* _EXERCISE DATA_
= = = = =
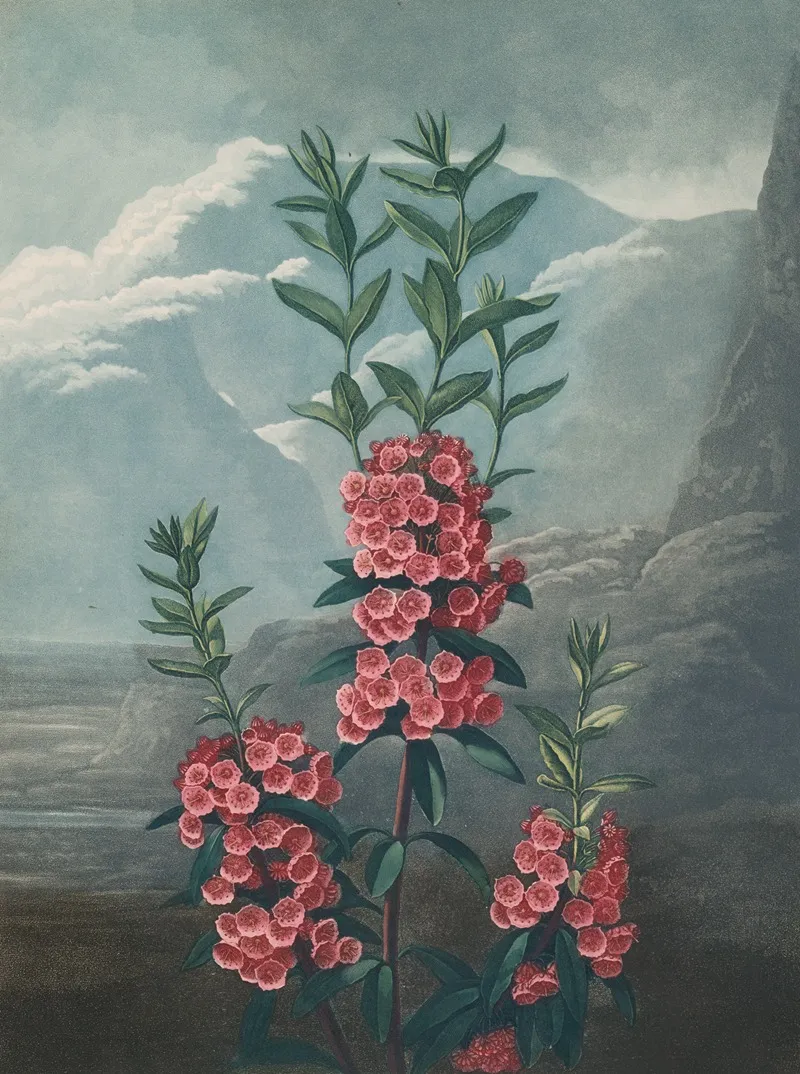Narrow Leaved Kalmia 2 Wall Art by Robert John Thornton - High-Resolution Digital Print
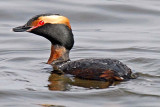 Horned Grebe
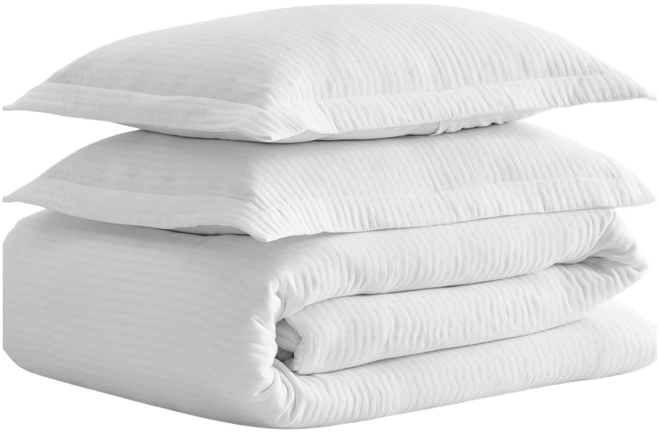 Reede Muslin Textured 2-Pc. Comforter Set, Twin/Twin Xl
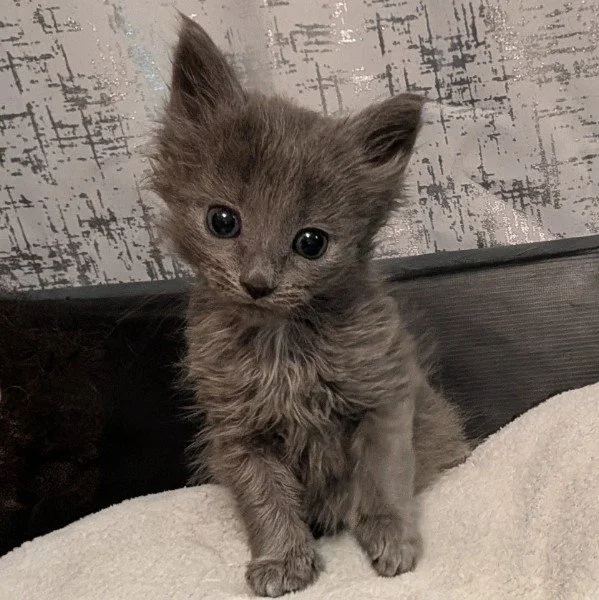 Pixie1.jpg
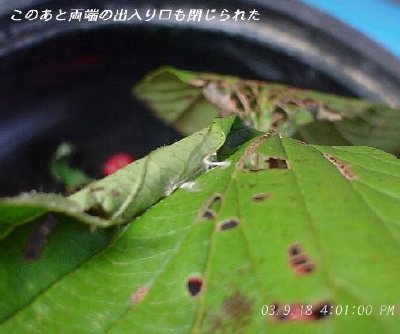 092クロスジカギバの幼虫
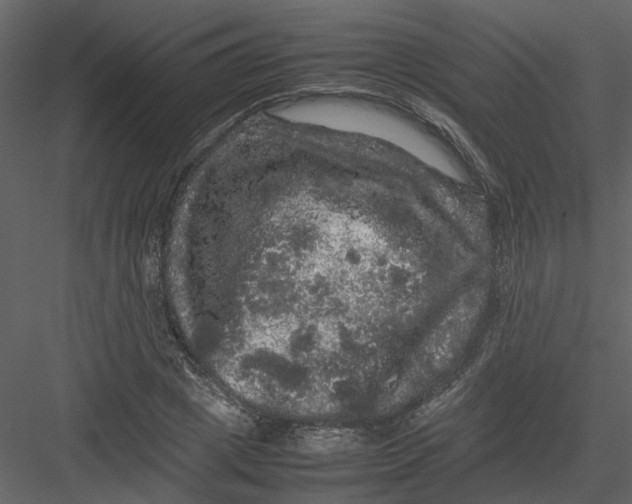 X0000082940833200702222244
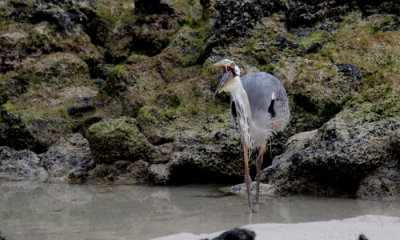 Great Blue Heron with fish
= = = = =
* _WHAT TO WORK ON_
Both ends included, copy the lines from the one holding "X0000082940833200702222244" to the last line of the entries exactly, with all pictures left out.

* _TASK RESPONSE_
 X0000082940833200702222244
 Great Blue Heron with fish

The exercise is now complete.